Here’s the important part: when researchers directly compared intermittent fasting to traditional calorie-counting diets, the results were essentially the same. In the largest head-to-head trial of 244 obese adults, those who fasted lost about 5 kg over a year while calorie counters lost about 6.7 kg, a difference that wasn’t statistically significant. Fasting doesn’t burn more fat through some special mechanism. It works because it naturally limits how much you eat. If you compensate by overeating during your feeding window, you won’t lose weight.

Common Side Effects

Expect some discomfort in the first one to two weeks. Headaches are common, especially if you normally eat breakfast or drink sugary beverages in the morning. These typically fade as your body adapts. Fatigue and irritability can show up in the first few days, and some people experience constipation from the change in eating patterns.

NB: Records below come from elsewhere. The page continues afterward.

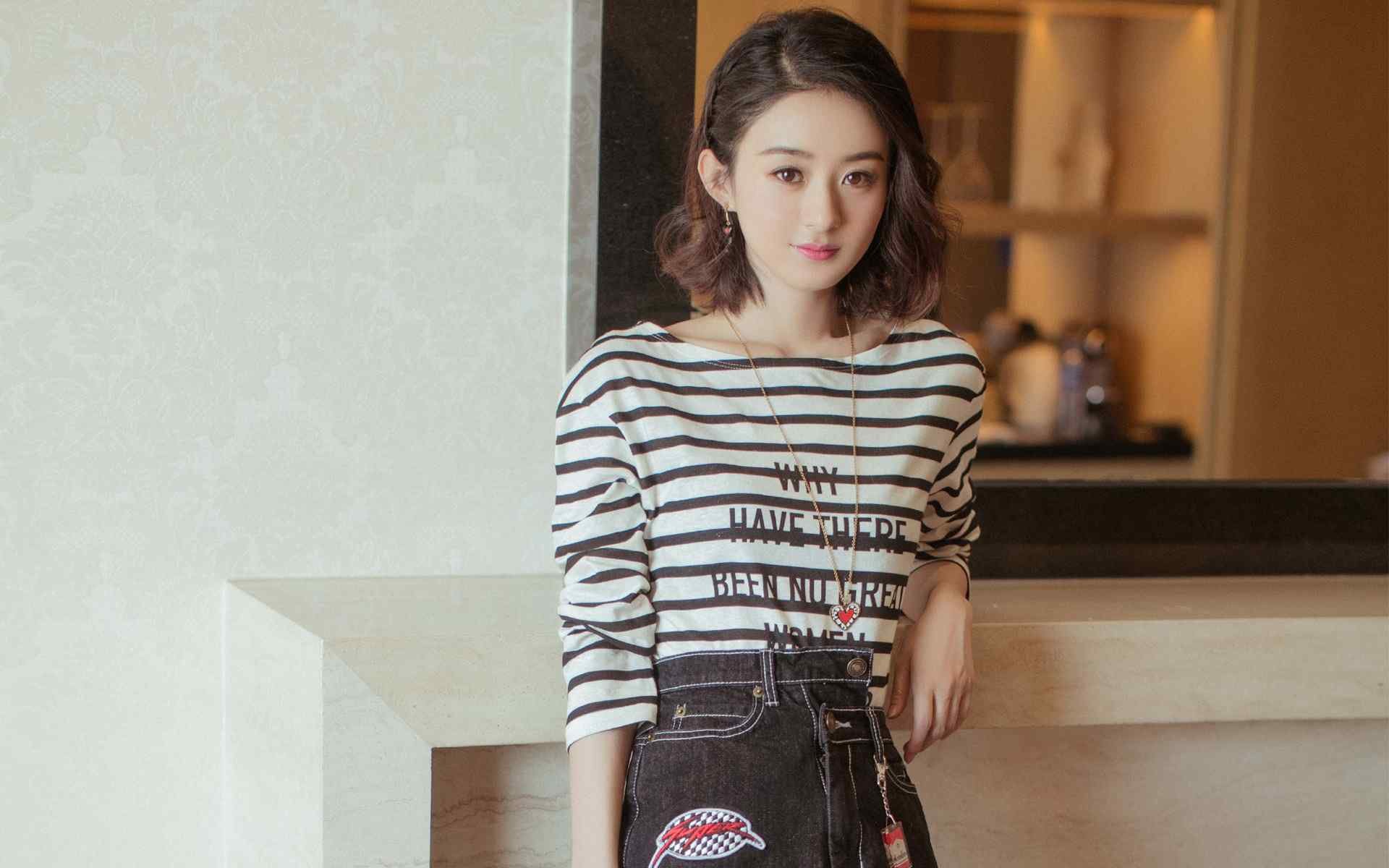 斩断雷霆，米切尔火烫手感助骑士攻克魔鬼主场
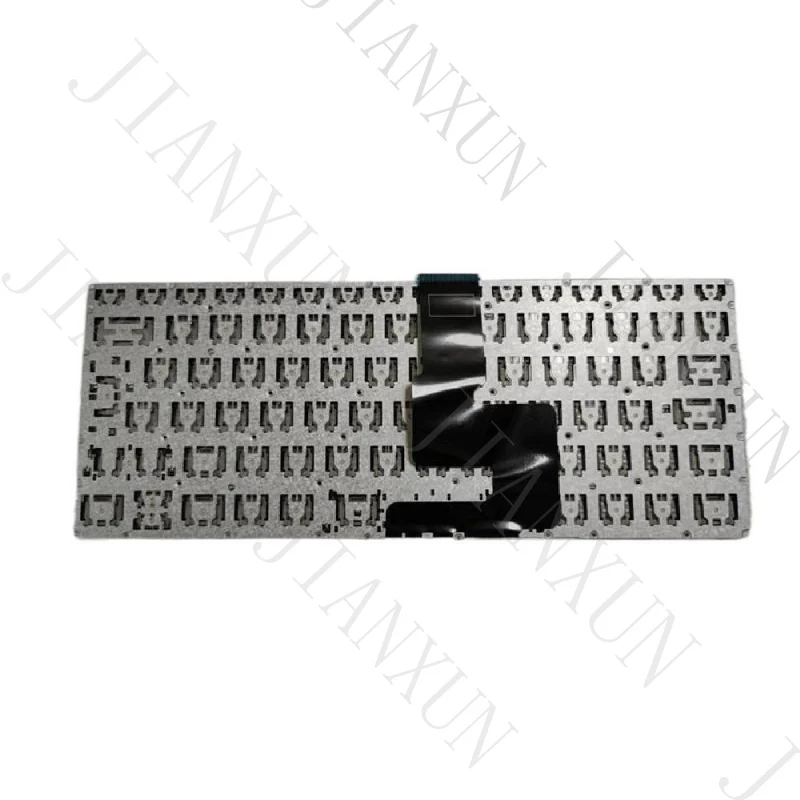 S+SP Keyboard For Lenovo V130-14IGM V130-14IKB V330-14ARR V330-14IKB V330-14ISK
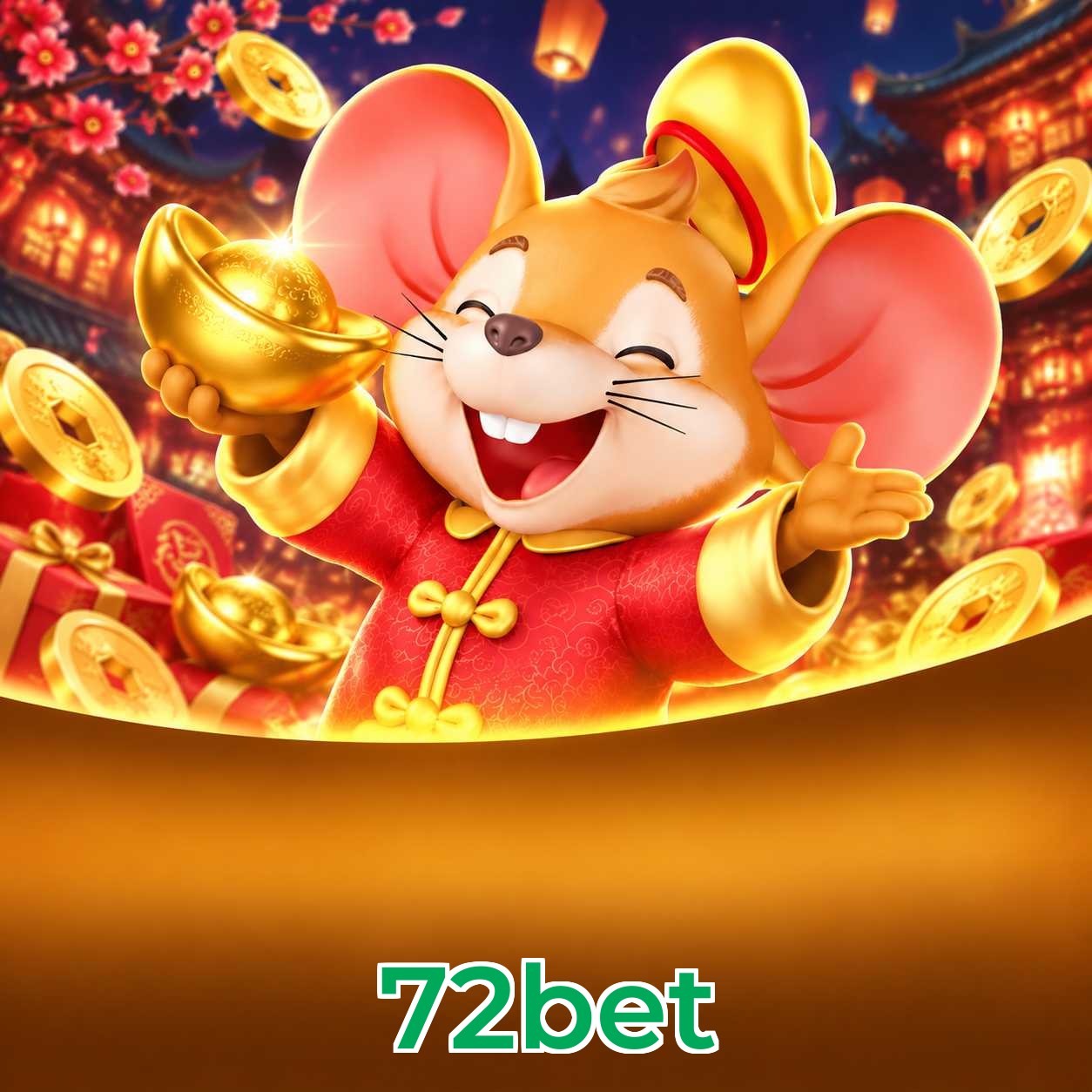 72bet FAQ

Fasting raises cortisol, your body’s primary stress hormone. Cortisol increases almost immediately after fasting begins, and longer fasts of several days can dramatically elevate levels and shift the natural cortisol peak from morning to afternoon. For most people doing a 16:8 fast, this increase is modest and manageable. But if you’re already dealing with high stress, poor sleep, or anxiety, adding fasting on top of that can make things worse. Pay attention to how you feel, not just how you look.

Dizziness is another common complaint, particularly if you exercise while fasted or don’t drink enough water. Staying well-hydrated and adding a pinch of salt to your water can help maintain electrolyte balance.

Special Considerations for Women

Women’s hormonal systems appear to be more sensitive to fasting than men’s. Animal research on alternate-day fasting found that it disrupted the reproductive cycle, lowered key reproductive hormones, and increased the risk of irregular cycles. Time-restricted eating (like 16:8) showed much milder effects, with little impact on reproductive hormones in some studies.

If you notice changes to your menstrual cycle after starting a fasting routine, that’s a signal to scale back. Many women do well with a shorter fasting window of 12 to 14 hours rather than a full 16. Starting conservatively and increasing gradually gives your body time to adapt without disrupting your hormonal balance.

How to Break Your Fast

For daily fasts of 16 to 20 hours, breaking your fast doesn’t require much ceremony. A normal, balanced meal works fine. That said, diving straight into a large, heavy meal can cause bloating and digestive discomfort, especially when you’re new to fasting. Starting with something easy to digest, like eggs, yogurt, a piece of fruit, or a small salad, gives your digestive system a gentle restart before a larger meal.

For longer fasts of 24 hours or more, ease back in more carefully. Eat a small meal first, wait 30 to 60 minutes, then eat more if you’re still hungry. Soups, cooked vegetables, and lean proteins are good first foods after an extended fast. Avoid processed or sugary foods as your first meal, since your body will be more sensitive to blood sugar swings after not eating for a full day or longer.

Who Should Avoid Fasting

Fasting isn’t appropriate for everyone. According to the Mayo Clinic, it’s not recommended for people with a history of eating disorders, anyone who is pregnant or breastfeeding, or individuals at high risk of bone loss and falls. People with diabetes need to be especially careful, since fasting directly affects blood sugar regulation and can interfere with medication timing. If any of these apply to you, talk to your doctor before trying a fasting protocol.